Inverse PCR, as previously described [39,40], was used to generate the mutant Kα3-KFGGI. The plasmid pGEX-4T-1-MeuTXKα3 [21] previously reported was used as a template, and two primers are listed below: FP: AAATTTGGTGGTATTTGCAGATGTTTTCCAGGATAAGTC; RP: GCATTTTCCTCTGTAATTAAGTTT. Phosphorylation of the 5′-end of the primers was performed by T4 polynucleotide kinase and ATP. Linear PCR products were circularized by T4 DNA ligase after end polishing with Pfu polymerase. Circularized products were transformed into E. coli DH5α competent cells, and positive clones were confirmed by DNA sequencing.

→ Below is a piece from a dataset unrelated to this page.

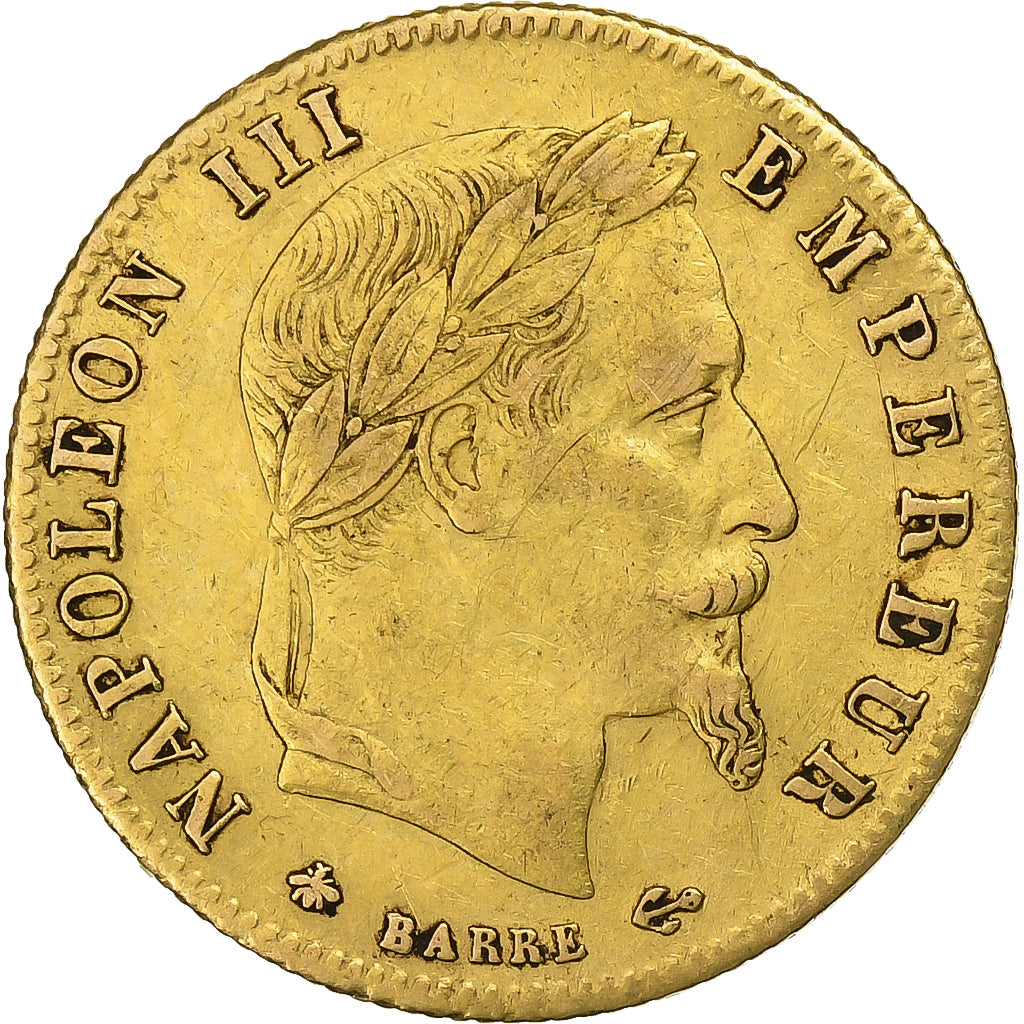 France, Napoléon III, 5 Francs, 1867, Paris, Or, TTB+, Gadoury:1002, Le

5.2. Expression, Purification, and Characterization of Recombinant Peptide

The recombinant plasmid of pGEX-4T-1-Kα3-KFGGI was transformed into Rosetta (DE3) chemically competent cells for protein expression. The induction was initiated with 0.1 mM IPTG at an optical density (OD600) of 0.6, and cells were harvested 4 h later by centrifugation. The fusion protein was acquired from the supernatant after sonication, followed by affinity chromatography with Glutathione Sepharose 4B beads. The fusion protein in 1× phosphate-buffered saline (140 mM NaCl, 2.7 mM KCl, 10 mM Na2HPO4, and 1.8 mM KH2PO4; pH 7.3) was then digested with EK at 25 °C overnight. The released Kα3-KFGGI proteins were separated from GST by RP-HPLC on a C18 column (Zorbax 300SB-C18, 4.6 × 150 mm, 5 μm) (Agilent Technologies, Santa Clara, CA, USA). The molecular weight of the recombinant molecule was determined by MALDI-TOF mass spectra on ultrafleXtreme MALDI-TOF/TOF Mass Spectrometer (Bruker, USA).

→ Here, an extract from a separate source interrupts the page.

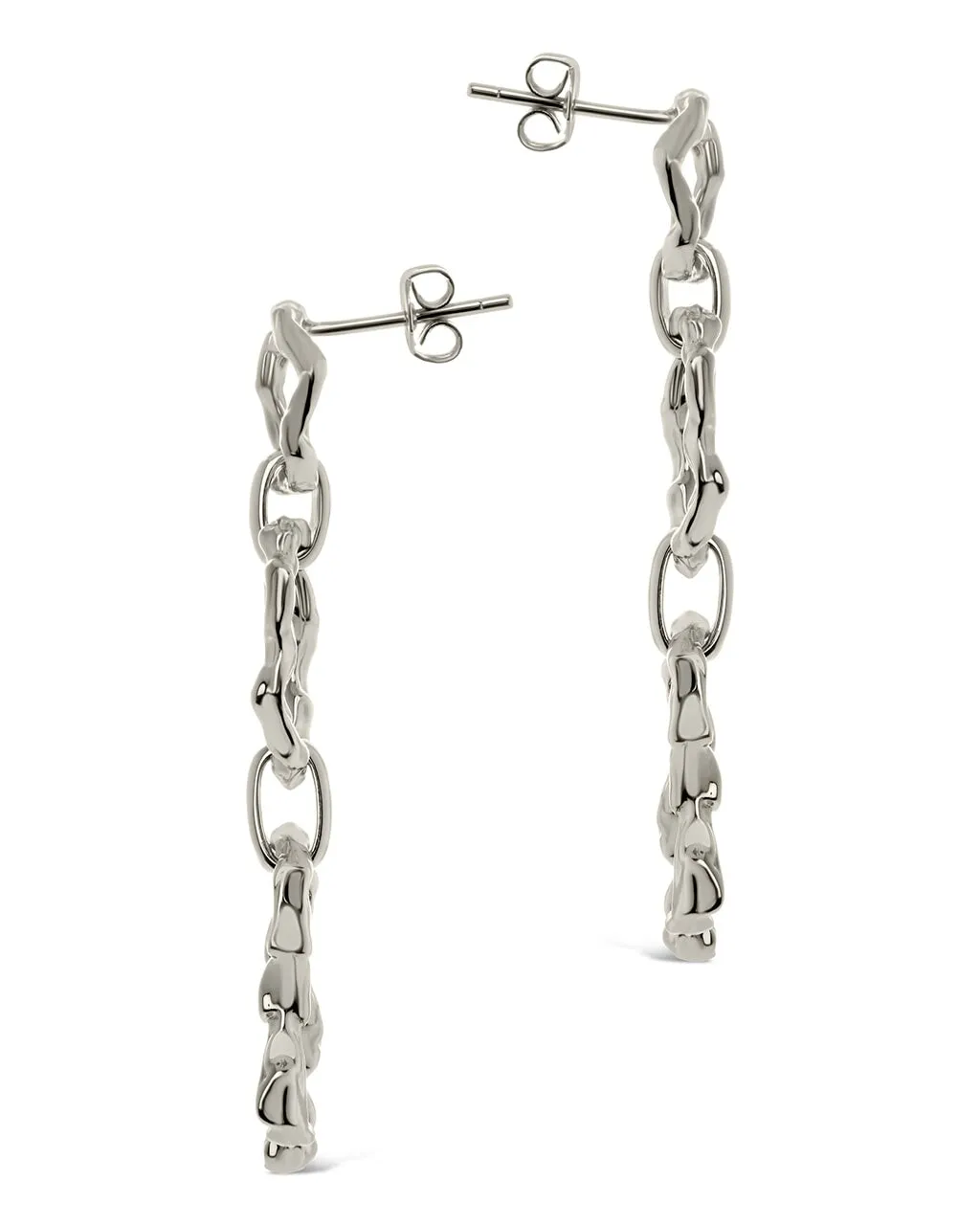 Ira Molten Metal Linked Drop Earrings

5.3. Circular Dichroism Spectroscopy

CD spectra of the peptide were recorded on a Chirascan-plus CD spectrometer (Applied Photophysics, Ltd., Leatherhead, U.K.) at a protein concentration of 0.1 mg/mL dissolved in water. Spectra were measured at 20 °C from 260 to 180 nm with a quartz cell of 1.0 mm thickness. Data were collected at 1 nm intervals with a scan rate of 60 nm/min.

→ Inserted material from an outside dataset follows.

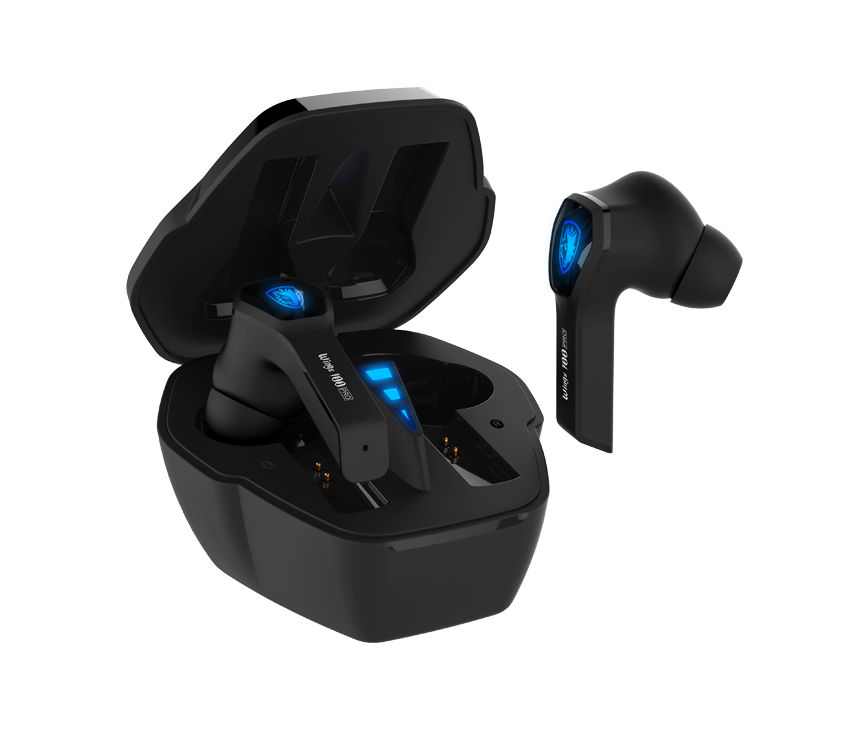 Sades Wings 100 Pro True Wireless Gaming Earphones - Black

5.4. Inhibition Zone Assay

Antibacterial assays were carried out according to the literature [41]. Bacteria were incubated at 37 °C in broth medium until the OD600 reached 0.5. In all assays, 10 μL of bacterial culture was mixed in 6 mL of broth medium containing 0.8% agar and were poured into Petri dishes of 9.0 cm diameter. Wells with a diameter of 2 mm were punched into the medium and were filled with 2 μL peptide with different concentrations. Bacteria were incubated at 37 °C overnight, and then zones of inhibition were measured. The lethal concentration (CL) was calculated from a plot of d2 against log n, where d is the diameter (cm), and n is the amount of the sample applied in the well (nmol). The plot is linear, and thus CL could be calculated from the slope (k) and the intercept (m) of this plot. The formula used here is CL = 2.93/(ak10m/k), where a is the thickness of the bacterial plate and CL is in μM [41].

5.5. Structure Modeling

The model structure of Kα3-KFGGI was built according to the previously described method for MeuTXKα3 [21]. In brief, the solution structure of BmTx3B (PDB entry: 1M2S) was selected as template for comparative modeling with SWISS-MODEL, a fully automated protein-structure homology-modeling server (http://swissmodel.expasy.org), and the model was evaluated by Verify 3D [42]. The modeling process was conducted in the project mode of this server under default parameters. Then the generated model was energy minimized by SPDBV v4.0.1 [43].